@oberoniaomnia,
how do you get from mass of pure dehydrated Tergitol to film thickness of 31 nm? Tergitol is something like a C33 hydrocarbon chain and generally hydrocarbon chains are around 1 nm thick (e.g., sugar). I failed to find any information on volume of dry Tergitol.
First is does not dehydrate, as a 100% concentrate - it's an oil with very low vapor pressure and a specific gravity of 1.006 g/ml TERGITOL™ 15-S-9 Surfactant which is essentially the same as water.

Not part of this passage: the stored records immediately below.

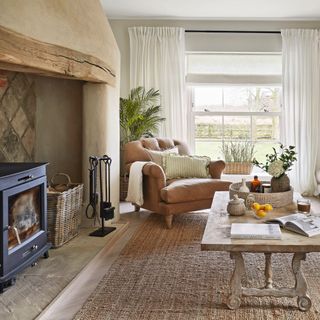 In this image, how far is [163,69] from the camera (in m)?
5.67

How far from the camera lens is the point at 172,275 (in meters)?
2.71

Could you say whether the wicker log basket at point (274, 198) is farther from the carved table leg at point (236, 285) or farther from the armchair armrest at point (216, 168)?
the armchair armrest at point (216, 168)

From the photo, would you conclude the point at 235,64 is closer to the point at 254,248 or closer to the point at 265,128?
the point at 265,128

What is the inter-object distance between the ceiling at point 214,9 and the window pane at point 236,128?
1455mm

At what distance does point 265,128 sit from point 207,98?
0.99 m

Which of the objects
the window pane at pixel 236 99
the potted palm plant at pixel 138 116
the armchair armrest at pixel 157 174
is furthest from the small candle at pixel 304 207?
the window pane at pixel 236 99

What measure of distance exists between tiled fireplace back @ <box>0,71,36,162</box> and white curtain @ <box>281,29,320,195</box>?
3685 mm

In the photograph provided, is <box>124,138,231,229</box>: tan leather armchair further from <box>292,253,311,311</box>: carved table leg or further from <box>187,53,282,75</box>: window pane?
<box>187,53,282,75</box>: window pane

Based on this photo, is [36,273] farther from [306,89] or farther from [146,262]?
[306,89]

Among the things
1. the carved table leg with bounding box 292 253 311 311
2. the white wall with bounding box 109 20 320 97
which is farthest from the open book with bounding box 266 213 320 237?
the white wall with bounding box 109 20 320 97

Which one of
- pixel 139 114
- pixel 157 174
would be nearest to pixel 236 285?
pixel 157 174

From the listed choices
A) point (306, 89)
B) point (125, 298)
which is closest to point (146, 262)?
point (125, 298)

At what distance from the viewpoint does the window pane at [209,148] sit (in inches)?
237

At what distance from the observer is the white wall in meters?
5.69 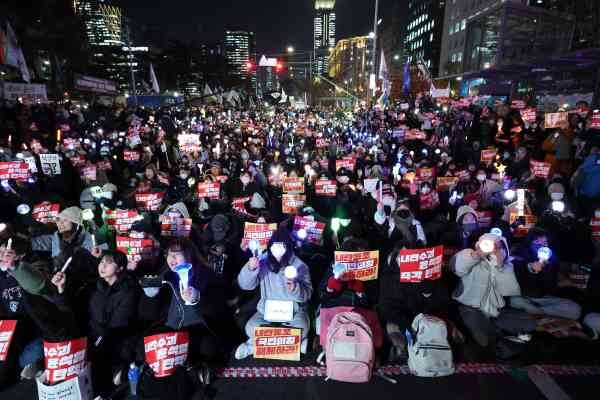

There are a number of ways to calculate the record surface area. A close estimate is the surface are of the flat portion, the groove area and the side-wall ridge groove area. A simple groove length estimate is assuming an average groove velocity of the outer and inner grooves ((51-cm/s + 20-cm/s)/2) = 35.5-cm/s times a playback length of 20-min (1200-sec). The average groove dimension of the 45-deg groove wall triangle hypotenuse is about 0.0016-inches so that each groove has about 0.0032-inches linear length that is about 0.0022-inch wide at the top and then add 10-15% for the side wall ridges, Run all the numbers, and the surface area including grooves and side-wall ridges is approximately, close-enough, to 1-sq-ft, which make the film thickness analysis easier.
The non-volatile residue (NVR) nominal film thickness (Contamination Control Engineering Design Guidelines for the Aerospace Community, NASA Contractor Report 4740, May 1996) assumes the contaminant is uniformly applied and has a density of 1-g/cm³ = 62.43 lbs/ft³ (same as freshwater); and while a 1-micron film calculates to about 9.1 mg/ft², for ease of use 10 mg/ft² equals 1-micron thickness is used which is proportional. Most water-soluble nonionic surfactants have a density very close to water, but much lower density contaminants will develop larger film thickness while denser contaminants such as hard water spots develop thinner thickness.
I do a deep dive into the whole subject of “What is clean?” and for a record “When is a vinyl record clean?" in this free book -Precision Aqueous Cleaning of Vinyl Records-3rd Edition - The Vinyl Press Chapter XI which is pretty technical but given your background you should be able to wade through it.